@SanathDevalapurkar And how do you propose to use dessin de'nfants?

To my understanding, G-T theory is no use here.

and how do you propose to "relate dessin d'enfants to this inverse limit construction"?

there's no apparent connection. do you have something else in mind?

@SanathDevalapurkar

I kind of have something of an idea, if you must know, @Sanath, but it's not entirely interesting.

Probably irrelevant

@Sanath digression : if you have an algebraic variety X over $\bar {\mathbf Q}$, and you have the corresponding dessin $\Gamma_X$, shouldn't $\text{Gal}(\mathbf Q(X)/\mathbf Q)$ act on $\Gamma_X$ by isometries?

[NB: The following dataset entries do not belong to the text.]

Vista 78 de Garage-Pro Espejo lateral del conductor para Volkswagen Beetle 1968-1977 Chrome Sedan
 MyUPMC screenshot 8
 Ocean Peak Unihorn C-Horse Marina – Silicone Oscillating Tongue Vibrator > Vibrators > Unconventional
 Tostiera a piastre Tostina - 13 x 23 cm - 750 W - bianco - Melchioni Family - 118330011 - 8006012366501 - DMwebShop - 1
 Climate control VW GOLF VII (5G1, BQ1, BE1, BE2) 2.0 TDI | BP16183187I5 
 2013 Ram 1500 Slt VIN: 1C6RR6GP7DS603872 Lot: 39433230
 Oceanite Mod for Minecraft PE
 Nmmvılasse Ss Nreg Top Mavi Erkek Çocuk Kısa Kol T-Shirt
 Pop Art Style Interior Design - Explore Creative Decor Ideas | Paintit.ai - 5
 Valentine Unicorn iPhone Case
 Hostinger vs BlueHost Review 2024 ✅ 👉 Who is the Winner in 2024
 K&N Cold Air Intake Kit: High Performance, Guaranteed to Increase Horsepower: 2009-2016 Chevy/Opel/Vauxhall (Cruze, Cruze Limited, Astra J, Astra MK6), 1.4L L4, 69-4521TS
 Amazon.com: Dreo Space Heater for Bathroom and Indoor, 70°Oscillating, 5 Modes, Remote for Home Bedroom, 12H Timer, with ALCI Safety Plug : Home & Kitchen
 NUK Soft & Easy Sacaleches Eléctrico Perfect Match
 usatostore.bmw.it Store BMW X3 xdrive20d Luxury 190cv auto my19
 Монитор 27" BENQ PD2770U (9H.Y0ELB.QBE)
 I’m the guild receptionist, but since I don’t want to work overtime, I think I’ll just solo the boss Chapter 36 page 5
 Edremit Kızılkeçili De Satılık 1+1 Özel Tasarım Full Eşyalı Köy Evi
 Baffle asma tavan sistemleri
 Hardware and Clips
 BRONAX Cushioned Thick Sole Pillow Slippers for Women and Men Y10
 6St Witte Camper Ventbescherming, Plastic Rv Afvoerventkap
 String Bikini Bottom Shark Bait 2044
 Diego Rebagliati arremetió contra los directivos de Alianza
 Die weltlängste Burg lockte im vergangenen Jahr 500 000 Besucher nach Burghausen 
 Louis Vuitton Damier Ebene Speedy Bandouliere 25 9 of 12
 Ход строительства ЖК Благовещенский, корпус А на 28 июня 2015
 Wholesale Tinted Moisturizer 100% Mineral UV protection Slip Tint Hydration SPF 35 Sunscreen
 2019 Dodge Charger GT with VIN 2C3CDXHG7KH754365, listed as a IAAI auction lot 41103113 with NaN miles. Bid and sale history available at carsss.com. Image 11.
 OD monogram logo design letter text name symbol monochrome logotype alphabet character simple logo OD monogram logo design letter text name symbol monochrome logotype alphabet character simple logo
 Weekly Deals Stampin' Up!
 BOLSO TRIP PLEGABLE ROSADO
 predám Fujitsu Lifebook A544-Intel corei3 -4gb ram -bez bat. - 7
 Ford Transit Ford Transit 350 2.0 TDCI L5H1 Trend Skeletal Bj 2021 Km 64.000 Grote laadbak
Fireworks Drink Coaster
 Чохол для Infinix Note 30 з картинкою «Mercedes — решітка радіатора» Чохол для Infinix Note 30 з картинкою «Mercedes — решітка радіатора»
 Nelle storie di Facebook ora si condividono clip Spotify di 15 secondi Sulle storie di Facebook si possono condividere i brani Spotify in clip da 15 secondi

was just wondering, because if it does, then this galois group must also act on the collection of little nbhds around the nodes of $\Gamma_X$ on the corresponding $\{0, 1, \infty\}$-branched Riemann surface transitively, so one should be able to realize this thing as a subgroup of automorphisms of the Riemann surface.

and then one should be able to tell something about the order of this, I suppose, by Hurwitz's theorem.

Hello @Sanath

Oh. I thought this was the Homotopy Theory room that you mentioned in the regular chat. I will leave

I have just used Belyi's theorem right up there

there would be no $\Gamma_X$ if there was no Belyi.